Topic
  • 4 replies
  • Latest Post - ‏2016-09-08T07:47:37Z by spiggle
andrelie
andrelie
40 Posts

Pinned topic CXNM Comparison Function

‏2015-09-14T04:51:55Z | mdm-migration

Hi

 

I am using CXNM for business name comparison.  In the wgtsval there are _NORM_ADJWGT_0 up to _NORM_ADJWGT_15.  The weight for _NORM_ADJWGT_1 = 183 while _NORM_ADJWGT_15 = 44

I wonder why _NORM_ADJWGT_15 has the least weight as this causes exact match will get the lowest score than partial or different match.  Should I edit these parameters' values so that _NORM_ADJWGT_1 has the least weight instead?

 

Thanks

Andre

 

 

 

 

  • YinleZhou
    YinleZhou
    1 Post

    Re: CXNM Comparison Function

    ‏2015-09-14T20:33:27Z  

    Hi Andre,

    Yeah, it should be the higher NORM_ADJWGT_number, it is closer to exact match. We need figure out what caused this reversed behavior. Do you see this before? Just CXNM is weird? What are attributes in your algorithm? 

     

    Thanks,

    Yinle

  • andrelie
    andrelie
    40 Posts

    Re: CXNM Comparison Function

    ‏2015-09-15T02:28:12Z  

    Hi Yinle

     

    This happens in ORG algorithm.  I have not seen it elsewhere.  I use Org Legal Name, Org Business Address, Org Business Phone, Org Corp Tax ID, Org Established Date among other additional attributes. Is it fine to hand edit the values i.e. put the _NORM_ADJWGT_1 value as _NORM_ADJWGT_15 instead?

     

    Regards

     

     

  • KaranBal
    KaranBal
    227 Posts

    Re: CXNM Comparison Function

    ‏2015-10-02T11:52:35Z  
    • andrelie
    • ‏2015-09-15T02:28:12Z

    Hi Yinle

     

    This happens in ORG algorithm.  I have not seen it elsewhere.  I use Org Legal Name, Org Business Address, Org Business Phone, Org Corp Tax ID, Org Established Date among other additional attributes. Is it fine to hand edit the values i.e. put the _NORM_ADJWGT_1 value as _NORM_ADJWGT_15 instead?

     

    Regards

     

     

    Weights affect the quality of matching. You can edit it but it will have impact on your matching. You can open a PMR for review if you like but edited is fine as long as it's edited correctly in a  way you want.

  • spiggle
    spiggle
    7 Posts

    Re: CXNM Comparison Function

    ‏2016-09-08T07:47:37Z  

    You are correct in that 15 should be best match score, and so on. Generated weights for CXNM are often fickle. 

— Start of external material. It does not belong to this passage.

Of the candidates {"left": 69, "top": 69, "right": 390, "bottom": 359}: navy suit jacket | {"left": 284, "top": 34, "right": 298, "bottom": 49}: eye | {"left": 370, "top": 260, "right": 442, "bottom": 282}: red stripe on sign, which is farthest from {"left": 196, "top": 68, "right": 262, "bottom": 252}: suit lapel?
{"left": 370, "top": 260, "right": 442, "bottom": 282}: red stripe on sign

    I find that the CXNM weights often lack any granularity but yours being in reverse seem a worst case scenario. 

    The weight generation is built on how distributed data is and also how important it is to matching. So gender is a great example in that it scores very low because it has such a low distribution of values, yet it has a relatively high disagreement score as when weightgen does its sampling it can see that nearly all matches, also match on gender. That is, two people are male 'not a big deal', two people have different genders 'big deal'.

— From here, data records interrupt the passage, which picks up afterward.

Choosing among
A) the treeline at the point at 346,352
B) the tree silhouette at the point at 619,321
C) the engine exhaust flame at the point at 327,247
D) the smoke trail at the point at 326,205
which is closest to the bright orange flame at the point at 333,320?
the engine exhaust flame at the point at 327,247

    The problem with Organisation names is small variations can make a big difference. John Smith compared to John Paul Smith would give a good match for an individual, but CitiGroup Bank compared to CitiGroup Institutional Bank would not be a great match for an organisation - certainly not as good as the John Smith match. Additional words missing in one organisation name can make a significant difference in reality, and in the algorithm.

    If your organisational data has a lot of 'noise' in their names then often pairs that to you and I would appear a good match, are a bad match from an algorithm perspective, unless you've anonymised all the 'noise' which is not always easy to do.

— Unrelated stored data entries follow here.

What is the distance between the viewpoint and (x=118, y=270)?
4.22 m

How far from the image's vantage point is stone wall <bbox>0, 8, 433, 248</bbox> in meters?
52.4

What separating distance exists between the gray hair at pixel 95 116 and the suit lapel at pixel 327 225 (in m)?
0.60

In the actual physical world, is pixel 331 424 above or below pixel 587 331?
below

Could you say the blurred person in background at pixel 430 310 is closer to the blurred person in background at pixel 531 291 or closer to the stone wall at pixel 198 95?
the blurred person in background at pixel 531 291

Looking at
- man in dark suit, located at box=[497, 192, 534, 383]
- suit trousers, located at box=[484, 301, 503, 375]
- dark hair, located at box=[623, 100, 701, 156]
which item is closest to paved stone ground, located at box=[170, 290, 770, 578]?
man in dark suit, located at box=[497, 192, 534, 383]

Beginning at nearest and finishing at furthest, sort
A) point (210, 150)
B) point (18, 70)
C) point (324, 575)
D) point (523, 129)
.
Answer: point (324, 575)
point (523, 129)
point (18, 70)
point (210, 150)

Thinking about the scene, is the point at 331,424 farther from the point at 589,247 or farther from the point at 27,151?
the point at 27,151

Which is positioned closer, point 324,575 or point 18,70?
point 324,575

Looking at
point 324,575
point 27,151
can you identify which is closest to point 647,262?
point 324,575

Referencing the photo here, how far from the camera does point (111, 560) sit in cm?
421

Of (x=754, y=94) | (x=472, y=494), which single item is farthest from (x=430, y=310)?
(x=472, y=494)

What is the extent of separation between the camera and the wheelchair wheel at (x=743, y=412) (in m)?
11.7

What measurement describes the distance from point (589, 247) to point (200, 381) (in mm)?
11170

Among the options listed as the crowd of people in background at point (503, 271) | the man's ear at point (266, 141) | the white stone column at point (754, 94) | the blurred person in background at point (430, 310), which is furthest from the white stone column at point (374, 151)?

    This results in pairs that score well overall, often scoring badly on CXNM, which in turn leads weightgen to think that the CXNM is not important to overall match. And this confuses the final weights as you've seen.

    All of the above is conjecture on my part :)

    What I've done in the past is remove everything else from the algorithm except for the name comparison, then generate the weights and save them. 

    Then restore the algorithm back, generate the full weights and hand edit your saved CXNM weights back in.